THE NOVEMBERSのアンセム=祝歌、誕生

 シングル表題曲「今日も生きたね」を聴いて、唐突な連想ではあるけれど、ふたつのことを思い出した。ひとつはある先進的な展示で人気の動物園の園長が、その園を構える地域一帯に生態系が崩壊するほど過剰に鹿が繁殖し、園長自らハンターとなったことに対する否定も肯定もいずれも“不愉快なものを見たことへの他人事の反応”と話していたこと。もうひとつはザ・スミスの「MEAT IS MURDER」である。
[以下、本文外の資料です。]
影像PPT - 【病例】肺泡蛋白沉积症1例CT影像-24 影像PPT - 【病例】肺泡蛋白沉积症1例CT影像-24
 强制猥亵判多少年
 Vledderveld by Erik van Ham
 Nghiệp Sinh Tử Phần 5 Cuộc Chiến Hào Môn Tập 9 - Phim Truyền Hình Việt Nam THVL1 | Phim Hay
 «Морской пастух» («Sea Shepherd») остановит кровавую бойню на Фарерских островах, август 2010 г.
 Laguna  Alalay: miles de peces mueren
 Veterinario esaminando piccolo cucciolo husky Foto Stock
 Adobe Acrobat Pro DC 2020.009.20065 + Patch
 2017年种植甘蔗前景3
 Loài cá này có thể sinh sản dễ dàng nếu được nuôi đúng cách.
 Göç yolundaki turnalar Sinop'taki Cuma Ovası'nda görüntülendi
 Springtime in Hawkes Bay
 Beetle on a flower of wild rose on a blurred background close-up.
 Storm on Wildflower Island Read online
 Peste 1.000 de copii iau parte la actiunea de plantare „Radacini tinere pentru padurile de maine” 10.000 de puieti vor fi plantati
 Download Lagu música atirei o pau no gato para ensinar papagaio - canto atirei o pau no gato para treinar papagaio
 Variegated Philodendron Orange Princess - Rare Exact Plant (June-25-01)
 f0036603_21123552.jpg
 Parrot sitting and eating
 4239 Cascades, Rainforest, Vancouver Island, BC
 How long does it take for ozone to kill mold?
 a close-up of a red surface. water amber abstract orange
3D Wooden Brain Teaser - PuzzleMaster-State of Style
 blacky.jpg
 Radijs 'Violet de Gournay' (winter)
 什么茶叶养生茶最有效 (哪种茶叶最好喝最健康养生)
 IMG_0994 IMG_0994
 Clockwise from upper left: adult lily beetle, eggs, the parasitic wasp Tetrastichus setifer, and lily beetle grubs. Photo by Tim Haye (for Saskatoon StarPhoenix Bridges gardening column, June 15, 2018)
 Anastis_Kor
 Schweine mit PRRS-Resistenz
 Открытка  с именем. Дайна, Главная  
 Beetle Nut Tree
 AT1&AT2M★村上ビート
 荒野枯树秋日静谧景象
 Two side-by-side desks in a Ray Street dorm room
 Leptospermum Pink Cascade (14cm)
モリッシーは歌詞そのものでは“食肉は殺戮だ”と綴っているが、それは主義主張ではなく、当たり前に行われていることを当たり前に思うなという比喩であると受け取っている。THE NOVEMBERSが初の”アンセム=賛美歌、祝歌”として世に送り出す曲にそんな感想を持つのは、皮肉でもなんでもない。無意識だが私たちは無自覚には生きていないからだ。

 そして面白いのはこの曲の質感が、別に告発的でも攻撃的でもないところにある。徹頭徹尾、サウンドのラウドさや突き刺さるような質感が大半を占めていた前作にあたるアルバム『zeitgeist』(と、言いつつラストの2曲で自らに尋問するような冷たい地下室から太陽のある場所に出るような展開であることこそが重要なのだが)の制作を経て、この新しい曲の持つ安堵感すら内包した体温のある音像に辿り着いたことそのものも味わいながらこの曲を身体に通すと、小林祐介の思考がより近く感じられるのではないだろうか。とは言え、アルバムでも試みられたどこか遠くで刻まれているようなビート、ごく近い場所で日常の言葉のように歌われるボーカルなどは、通底したものを感じる。新鮮なのは削ぎ落としたという意味での素朴なアンサンブル、そして特に耳を惹いたのがどこか日本のニュー・ミュージック黎明期的な一部のメロディ。これは小林のフェイバリットである荒井由実のエッセンスが奇しくも今、この曲を選んで生まれたのかもしれない。

 そしてもう1曲は初期から演奏されてきた「ブルックリン最終出口」を今の感性で定着させたもの。振り払おうにも否応なく内在する自分の残虐性を俯瞰で見るような、歌詞とは対照的な平熱感を持った仕上がりは、このシングルにこの2曲が収録されたことは必然だったのだ。なお、パッケージには同じ内容で宛名やメッセージを手にとった人が自由に書く(描く)ことができる“シェアCD”が同梱。誰かに“聴いてほしい”でも“聴いてどう思う?”でもいいだろうし、渡すタイミングもいつでもいいと思う。つまりこの曲を受け取ったその先にあなたはどうするのか? というメッセージが込められた、いかにもTHE NOVEMBERSらしい提案も、「今日も生きたね」の一部なのだ。